Thursday, September 3, 2020

Cultural Socialism

So far we have focused on the economic agenda of the socialists, yet any conversation with them, or visit to a socialist conference, shows that the vision of these activists is not merely economic. They are equally energized, if not more so, by cultural issues. This is especially true of socialists on campus. …


Asked by an interviewer for the website PragerU to define her brand of socialism, a female student said it would really hard to do because socialism had so many dimensions. For example, “You’re socializing with me right now. Socialism!”

If this seems laughable, it’s not. A Gallup survey, released in May 2019, found that 6 percent of respondents defined socialism as “being social, social media, talking to people.” …


Jarrett Stepman, a writer for the Daily Signal who attended the Socialism 2019 conference, sponsored by Jacobin and Democratic Socialists of America, captured the mood of identity socialism nicely.

He went expecting to hear mostly about topics like minimum wage, student debt and the Green New Deal.

Instead he found, somewhat to his puzzlement, that “transgenderism, gender nonconformity and abolishing traditional family structures were huge issues.”

Typical of the speakers was Corrie Westing, a self-described “queer socialist feminist activist” based in Chicago who works as a “home birth midwife.”

Westing insisted that the traditional family is an instrument of capitalist oppression, and the transgender movement is critical to achieving “reproductive justice.”

Economics, she said, is based on “heteronormativity,” and pregnancy is a tool of oppression to remove women from the workforce, thus reinforcing a “gender binary.”

The solution, she said, was to reorganize society around what she termed “queer social reproduction.”

The traditional family would have to go.

No more parents having and raising their own children. Rather, women and men would seek out one or more partners, of whatever gender, with whom to raise children, and then they might seek out a third party to carry the child.

The third party, after giving birth, might or might not be involved in raising the child.

Drawing on a term coined by the feminist writer Sophie Lewis, Westing called this “open-sourced, fully collaborative gestation.” …
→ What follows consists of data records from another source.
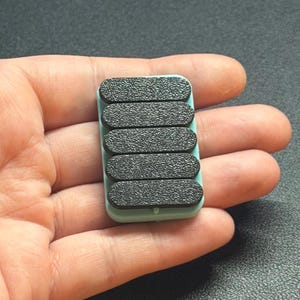 May include: A small, rectangular, mint-green object with six black, textured, oval pads. The pads are arranged in a vertical row. The object is held in a person's hand.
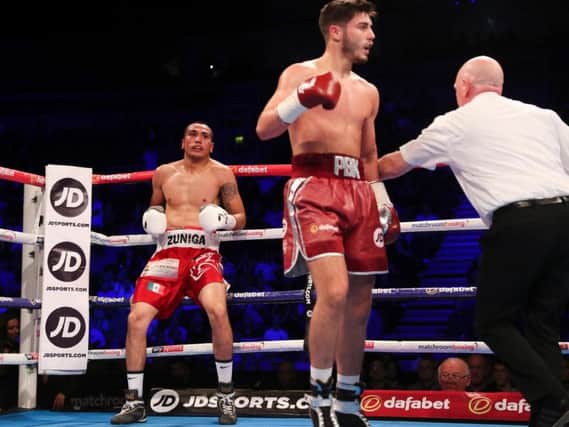 Josh Kelly leaves Jos Luis Ziga hurt on the ropes. PIcture by LAWRENCE LUSTIG/ MATCHROOM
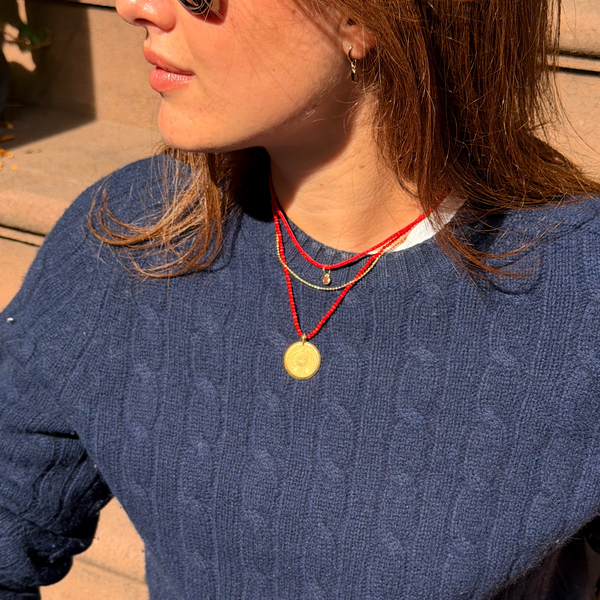 A woman wearing a navy blue cable-knit crewneck sweater, styled with light-wash blue jeans, a black belt, and layered red cord necklaces, sitting outdoors on stone steps.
For Marx, to attempt to repudiate or to “correct for” these inevitabilities is to misunderstand the inexorable development of human history.

Bernie Sanders seems to be the only leading Democrat still holding to this tradition. He indignantly rejects the idea that because he is a white male he should step aside and make room for women and minority candidates.
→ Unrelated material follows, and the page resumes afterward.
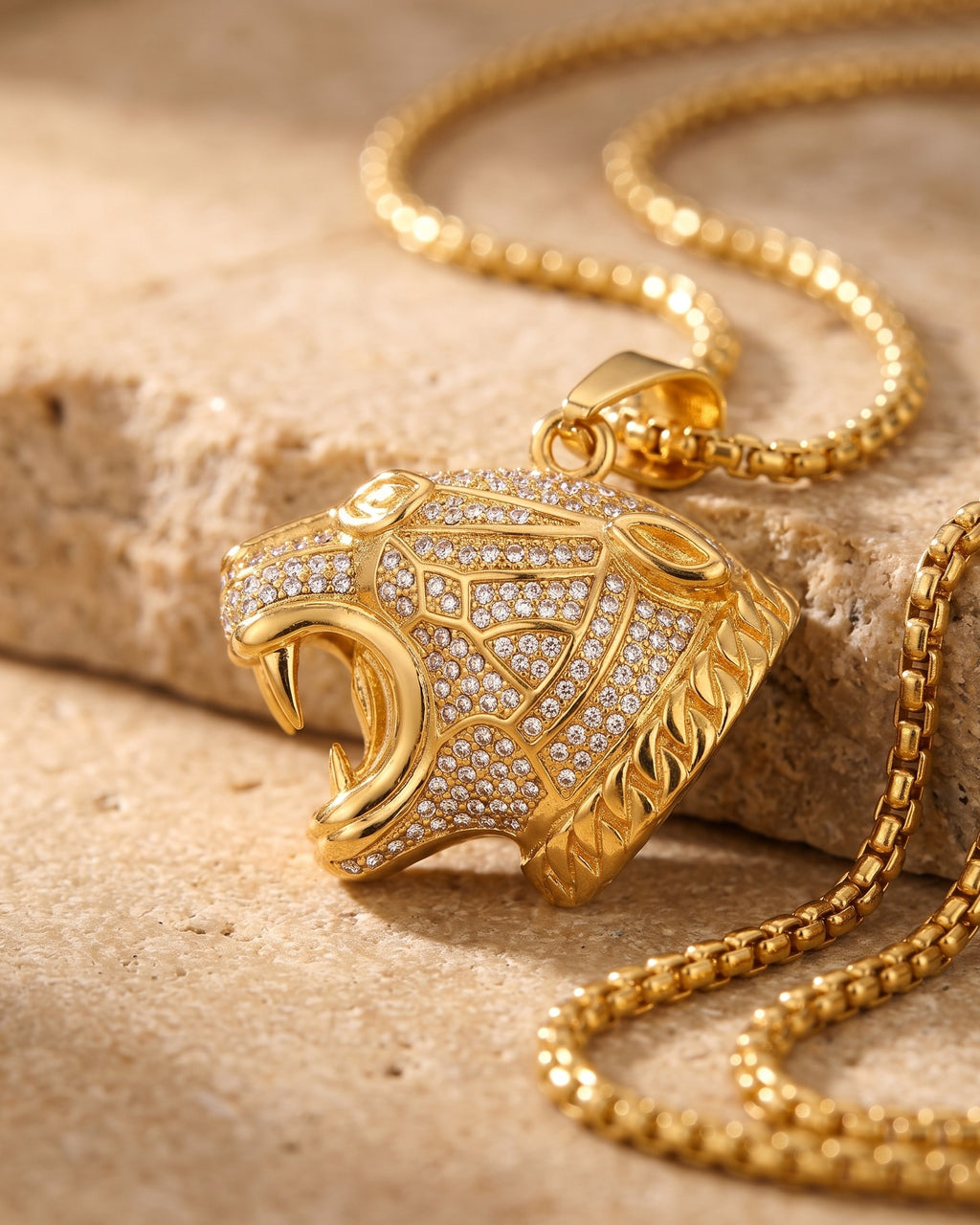 Close-up of the gold-tone Atlas iced leopard pendant necklace worn by a man, shown at true size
“We’ve got to look at candidates,” he told Vermont Public Radio, “not by the color of their skin, not by their sexual orientation or their gender and not by their age.” Rather, people should be judged “based on their abilities, based on what they stand for.”

Whoa! This is now heretical talk in the Democratic Party. Bernie, moreover, is skeptical of illegal immigration because he believes, as Marx would, that it is a tool of employers to drive down the wages of native workers.
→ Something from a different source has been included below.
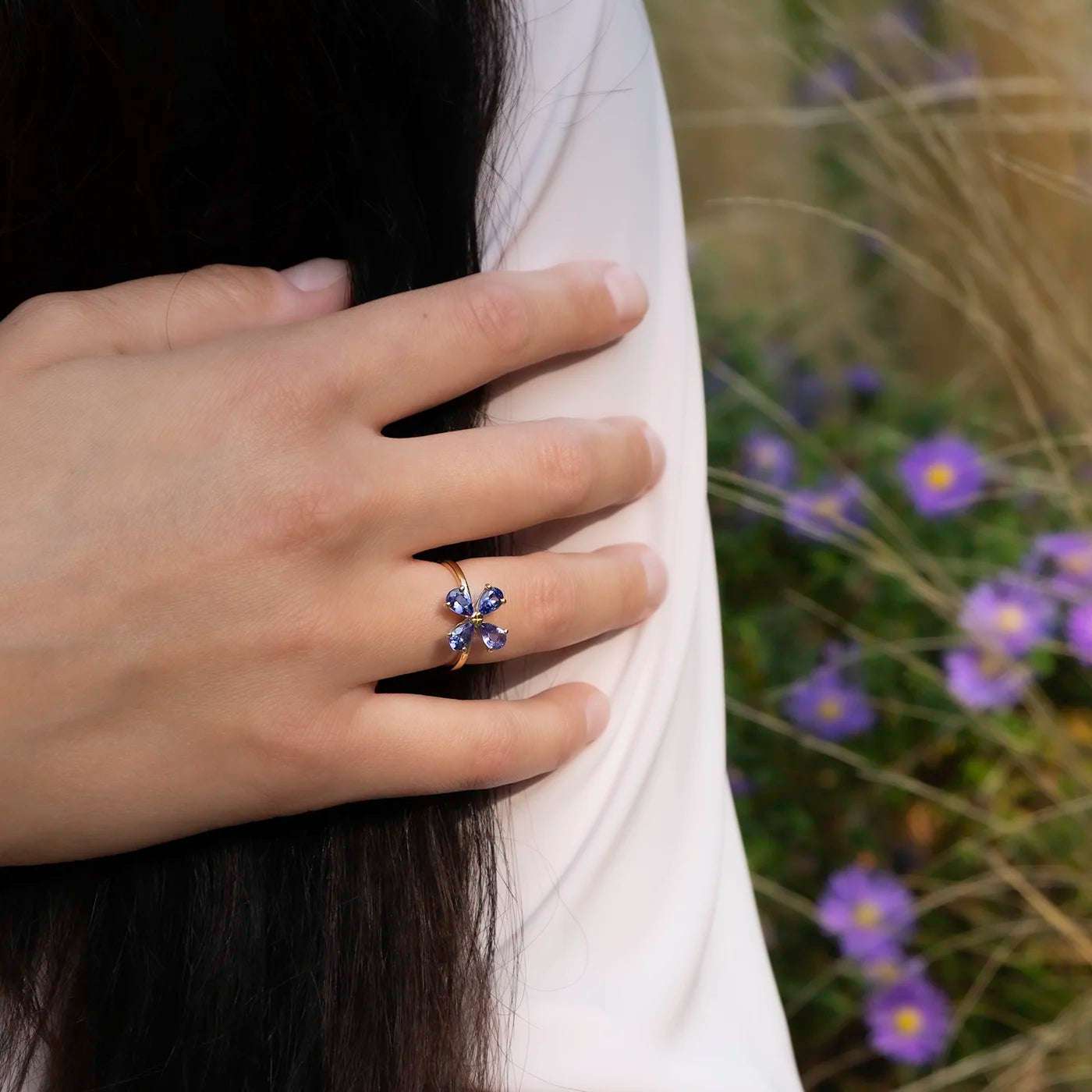 Ring 750er Gelbgold vier blaue Tansanite florales Design Modelhand vor Arm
While identity socialists have put Bernie on the defensive for these positions and forced him to retreat in his antipathy to illegal immigration, he has not fully backed down.

In this respect, however, Sanders is not the mainstream—not even among card-carrying socialists.

American socialism is now imbued with issues of “intersectionality,” a term that refers to the crosscurrents of race, gender, sexual orientation and class.

What Marx considered a divisive ploy is now the avowed strategy of progressives and Democrats: to turn black and brown against white, female against male, gay and lesbian and transgender people against “heteronormativity.”
Source: United States of Socialism: Who's Behind It. Why It's Evil. How to Stop It. by Dinesh D'Souza


My great-uncle also wrote about Karl Marx as one of 7 men who rule the world from the grave.